06.19 Sun

June 19, 2011
Pamela Amick Klawitter

[Note: This is the syndicated L.A. Times puzzle. It does not appear in the actual newspaper, but is available for free at cruciverb.com.]

Theme: "Broadway Showstoppers" — Phrases that end with a Broadway show.

Theme Entries:
  • 23A: Airport pickup spot (BAGGAGE CAROUSEL).
  • 39A: Norman landmark (UNIVERSITY OF OKLAHOMA!).
  • 56A: Troublemaker's credo? (NO REST FOR THE WICKED).
  • 82A: One might prompt a curtain call (BIG ROUND OF APPLAUSE).
  • 99A: Fleeting celebrity (FIFTEEN MINUTES OF FAME).
  • 120A: Relax (LET DOWN ONE'S HAIR).
Hey, crossword fans. Doug here on Sunday. Today's theme, Broadway musicals, isn't my area of expertise. Not even close. I'm not going to hold that against the puzzle though, because lots of my crossword friends are Broadway professionals and/or fans. Maybe I'm the ideal person to review this one, because if the shows are familiar to me, they're going to be familiar to everyone. Ms. Klawitter did a nice job. The only one I've never heard of is APPLAUSE. Wikipedia tells me that it was based on the movie "All About Eve" and won the Tony Award for Best Musical in 1970. Works for me. The long phrases containing the show names were solid, especially NO REST FOR THE WICKED and FIFTEEN MINUTES OF FAME.

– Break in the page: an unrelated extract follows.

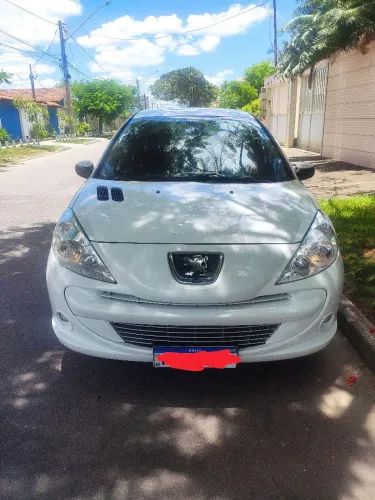 Peugeot 207 Sed. Passion XR Sport 1.4 Flex 8V 4P 2013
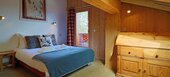 Escape and charm at La Tania!   Renovated from the inside ou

  • 5A: Like pro football players (MALE). I don't think we're ever going to see a female playing in the NFL. As far as I know, the closest that women have come to breaking into one of the big four leagues (NFL, NBA, MLB, NHL) was in 1992. Goalie Manon Rhéaume played in an exhibition game for the NHL's Tampa Bay Lightning. But who knows. Maybe we'll be watching Debbie Jeter play shortstop for the Yankees on Opening Day in 2035.
  • 47A: Captain Hook's last words are its motto (ETON). I had to look this one up. Hook's last words in the play "Peter Pan" are "Floreat Etona" which translates to "Let Eton Flourish." Is this while he's being eaten by a crocodile? My "Peter Pan" knowledge is a little hazy.
  • 54A: Alas., once (TERR). Does anyone actually abbreviate Alaska as "Alas."? You've already written 2/3 of the name, so suck it up and add the "-ka" on the end!
  • 74A: 2000 Gere title role (DR. T). Which movie was seen by more people: "Dr. T. & the Women" or "Ulee's Gold"? I've seen neither.
  • 8D: And others, to Cicero (ET ALII). Sometimes this is ET ALIA and sometimes it's ET ALII. If you want to the know the difference, click here. (It's boring.)
  • 43D: Took off (FLEW). I had the first couple of letters, so when I read the clue, I confidently filled in FLED. That left me with an interesting answer for 56-Across.
  • 44D: "Hamlet" courtier (OSRIC) / 45D: Olympic volleyball medalist ___ Kiraly (KARCH) / 55D: Seuss, actually (GEISEL) / 60D: "The Jungle Book" python (KAA). Wow, lots of wicked tough names in this section, and they all cross WICKED.
  • 46D: Big name in traitors (ARNOLD). Benedict Arnold. But he's not the biggest name in traitors. That would be Vidkun Quisling. He was the politician who assisted Nazi Germany as it conquered Norway, his home country, so that he'd be put in charge of the collaborationist Norwegian government. He was such a bad guy that now the word "quisling" is synonymous with traitor, particularly one who collaborates with enemies. Worst eponym ever.
  • 71D: '30s-'40s actress D'Orsay (FIFI). That was back when people, not poodles, were named Fifi.
  • 93D: Angel Clare's love, in an 1891 novel (TESS). "Tess of the d'Urbervilles."
  • 94D: Lochinvars (SUITORS). OK, here's your vocabulary word for the day. Lochinvar. Apparently the word derives from "young Lochinvar," the hero of Sir Walter Scott's 1808 poem "Marmion."
  • 122D: People people, briefly (EDS). Editors at People magazine. Clues about editors and editing are often tricky.
I won't be here next Sunday, so I'm asking PuzzleGirl to call upon one of her many minions to fill in for me. You'll be in good hands. See you in July.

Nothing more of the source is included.